Bill Evans『Intuition』を聴く。
ジャズ・ピアノのレジェンドの一人、ビル・エバンス。後のジャズ・ピアニストの演奏スタイルに大きな影響を与えた、ジャズ・ジャイアントの一人でもあって、エバンスの影響下にあるジャズ・ピアニストは「エバンス派」と呼ばれる。そんな偉大なジャズ・ピアニストであるエヴァンスは、生涯、ピアノ・トリオを中心に活動を続けたことでも知られる。
ピアノ・トリオと言えば、ピアノ=ベース=ドラムの構成が基本になる。1940年代後半から1950年代前半までのオールド・スタイルのピアノ・トリオは、ピアノ=ベース=ギターであるが、1950年代後半、ハードバップ全盛期以降、ピアノ・トリオといえば、前者の構成が基本となる。そうなれば、リーダーのピアニストとしては、パートナーであるベーシスト、そしてドラマーとの相性が鍵になる。

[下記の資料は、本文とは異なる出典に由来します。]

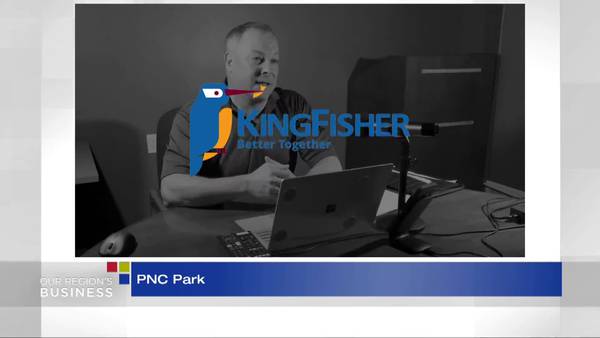 Our Region's Business - Kingfisher Services, Arkenstone Technologies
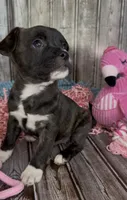 Luxe, a male French Bulldog and Pomsky for sale in Kokomo, IN – 7 of 9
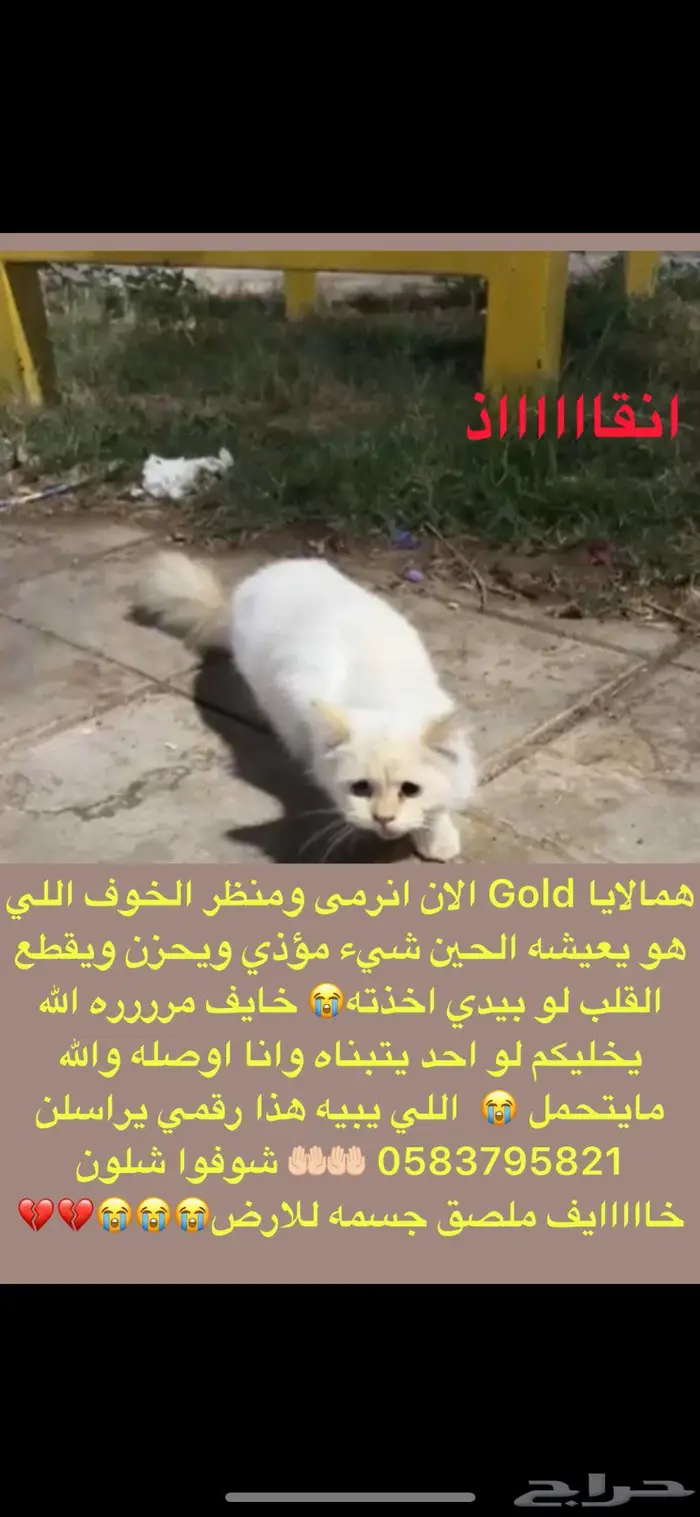 للتبني هملايا قولد 0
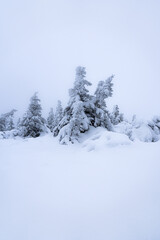 Magical winter scenery with frozen trees covered with white snow. Fantasy atmosphere after snow storm on Bohemia mountains.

エバンスの生涯に渡っての「最適なベーシスト」は、エディ・ゴメス(Eddie Gomez)になるだろう。1966年から1977年の間、11年間、エバンス・トリオに在籍した。「ビート」は絶対、次に「旋律」が絶対、リズムも十分供給出来る、というベーシストの力量。これが、エバンスが、ピアノ・トリオ3者対等なインタープレイを可能にする「キーワード」。
そういう点では、ゴメスはエバンスにとって申し分の無いベーシストであった。エバンスのアドリブを支える「強靱で躍動感溢れるビート」を供給し、エバンスのイメージを受けて、ベースで「唄う様な旋律」を展開する。ゴメスはベースラインで「リズム」も供給することが出来るベーシストで、このアルバムではエバンス=ゴメスのデュオだが、演奏の雰囲気はピアノ・トリオそのものと変わらない。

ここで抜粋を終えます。